Hari makin sore dan kami singgah untuk sholat di masjid yang kami temui di jalan itu. Selesai sholat, kami melanjutkan perjalanan ditemani gerimis yang mulai datang tanpa diundang. Saya berusaha mengingat petunjuk yang bapak tadi berikan, ikuti jalan, belok kiri, ada jalan naik, naik angkot (naik angkot?) dan belok kiri lagi. Dan sepanjang jalan itu, kami mulai berharap, berhayal bisa makan dan minum ini itu (efek kehilangan arah). Rasanya es kelapa muda, es buah tanpa buah, fanta, es teh manis, orson, nasi padang, dan warteg begitu menggoda. Dan saat hujan mulai deras, setelah jalan naik, kami melihat angkot. Segera kami mengejar dan naik angkot itu, yang ternyata hanya bisa mengantar kami ke ujung jalan raya. Dari situ, kami sambung lagi dengan angkot sampai di depan gang masuk Desa Kampung Sawah.

Hujan masih deras dan kami berteduh sebentar di sebuah toko di depan gang. Ada sedikit perbincangan kami dengan warga yang sedang duduk disitu yang membuat kami berpikir. Bapak itu berkata, “Oo..dari gunung. Dapat apa mas?”, “Err..dapat poto-poto aja sih pak” jawab Moo sambil cengar-cengir, senyum 3 jari. Untungnya hujan cepat reda, dan kami terbebas dari percakapan yang membuat kikuk.

Di Gunung Munara ini, memang biasanya dijadikan orang-orang untuk mencari “sesuatu”. Tak jarang ada yang naik di malam hari, minta ini itu. Yah..dikembalikan ke masing-masing orang saja. No comment sajah kalau sayah :D.

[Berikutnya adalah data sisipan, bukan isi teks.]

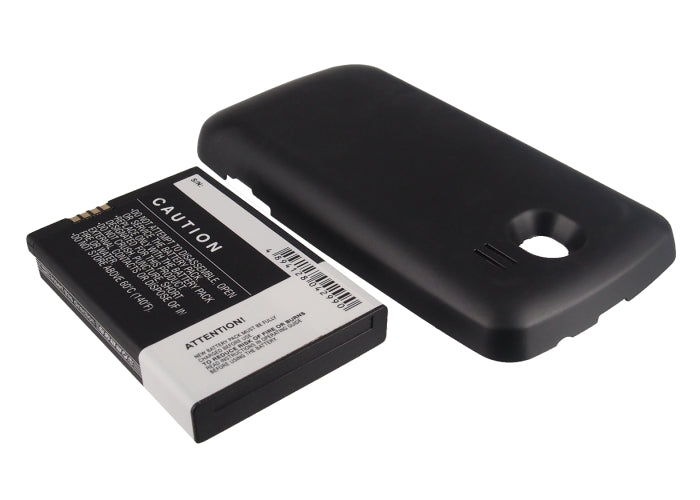 LG LS670 Optimus S Mobile Phone Replacement Battery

Dengan menahan malu akibat nyasar, kami berjalan memasuki desa. Dan kalimat penyambutan membuat kami tambah malu, “Nyasar ya A’?” diucapkan dengan polosnya oleh anak kecil yang sedang nongrong di bale-bale. Jawaban “iya” lirih diucapkan dengan cengiran tidak jelas. Untung ada penjual bakso yang mengalihkan dari topik nyasar. Ucup yang kepingin orson, langsung pesan. Begitupun Nita yang sudah nyidam fanta. Saya yang nyidam es buah tanpa buah (yang pastinya tidak ada), pasrah memilih air mineral. Udara setelah hujan jadi lumayan sejuk (dingin) dan bakso rasanya pas untuk mengganjal perut dan mengobati fantasi kami akibat kelelahan berjalan.

Hari mulai gelap dan kami putuskan untuk segera pulang. Sebagai rasa terima kasih kami kepada warga yang kami titipi motor dan sudah berbaik hati mengamankan helm kami saat hujan, kami hanya bisa menggantinya dengan uang Rp.20.000. Mereka sebenarnya tidak mematok harga, yang penting ikhlas dari kami.

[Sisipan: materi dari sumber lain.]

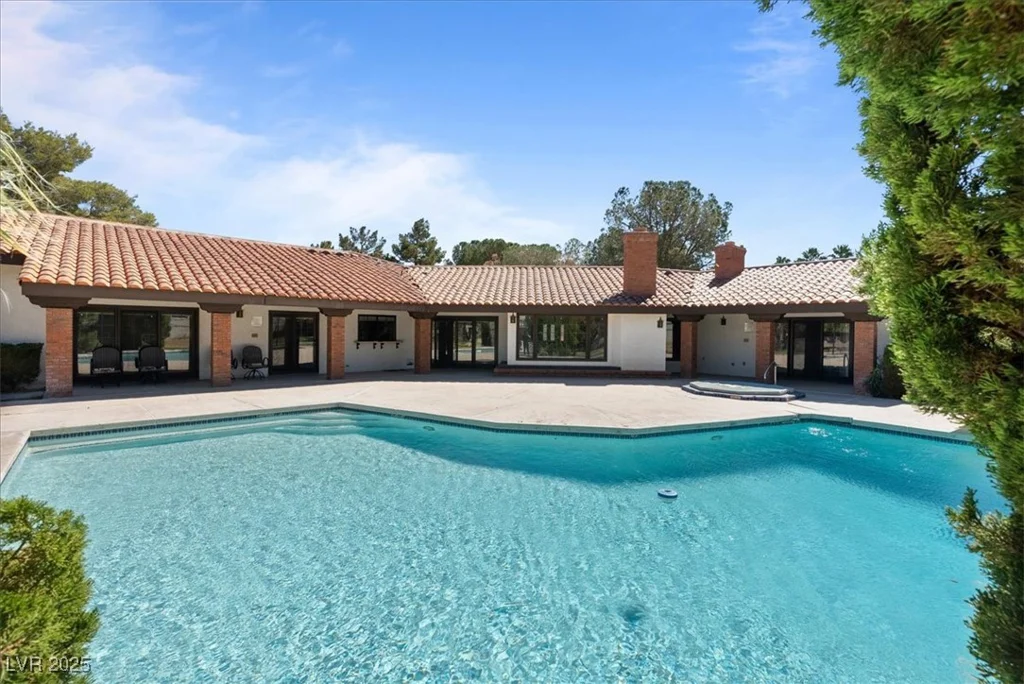 6998 Alamitos, Las Vegas, NV 89120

Jalan yang waktu kami datang lumayan curam turunya, waktu kami pulang, jadi licin karena hujan. Dan..motor Hafit yang melewati lumpur, harus tumbang (lebay). Dan saya hanya bisa pasrah karena sudah tidak bisa pegangan lagi, terjatuh dan duduk kena lumpur (ini musti ada yang tanggung jawab sepertinya). Perjalanan dilanjutkan lagi diwarnai dengan hujan yang lama-lama makin deras.

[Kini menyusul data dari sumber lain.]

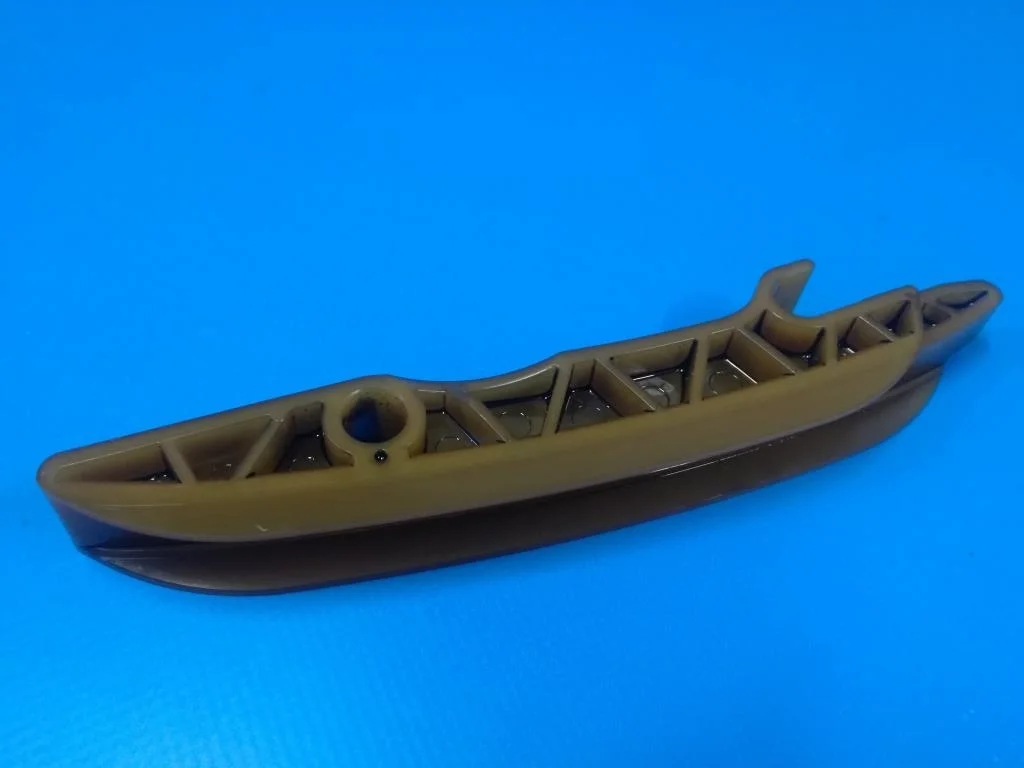 направляющая цепи грм BMW 1-серия E87/E81  N47D20С 143 лс 118d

Perjalanan lumayan lancar, hanya terhambat oleh buka tutup jalan parung dan insiden ayam yang berjatuhan dari motor pedagang ayam. Sampai Depok lagi, Detos lagi, pukul 8 malam. Istirahat sebentar di angkringan, mengisi perut untuk melanjutkan perjalan lagi, ke rumah masing-masing. Saya dan Nita pamit duluan untuk mengejar kereta terakhir, meninggalkan tiga cowok gampangan bermalam minggu :D.

Gunung Munara cocok bagi yang ingin latihan rockclimbing dan rappelling, bisa juga untuk pemanasan sebelum ke gunung yang lebih tinggi atau hanya sekedar memanfaatkan waktu senggang di akhir pekan (seperti kami). Bagi yang ingin berkunjung ke Gunung Munara, siapkan perbekalan secukupnya. Pakai pakaian yang nyaman dipakai karena tidak ada dingin-dinginnya (ketinggian 1126 mdpl). Kalau ingin rockclimbing atau rappelling bawa peralatan yang lengkap, demi keamanan. Tetap jaga kebersihan, jangan buang sampah sembarangan dimanapun. Dan..diusahakan jangan nyasar terlalu jauh :D

Naik gunung tidak harus tinggi, tidak harus jauh sampai ke ujung dunia. Yang penting niat baik, kebersamaan dan pengalaman yang ingin kita tambah dan bagi dari suatu perjalanan. Salam lestari, sampai jumpa di trip berikutnya.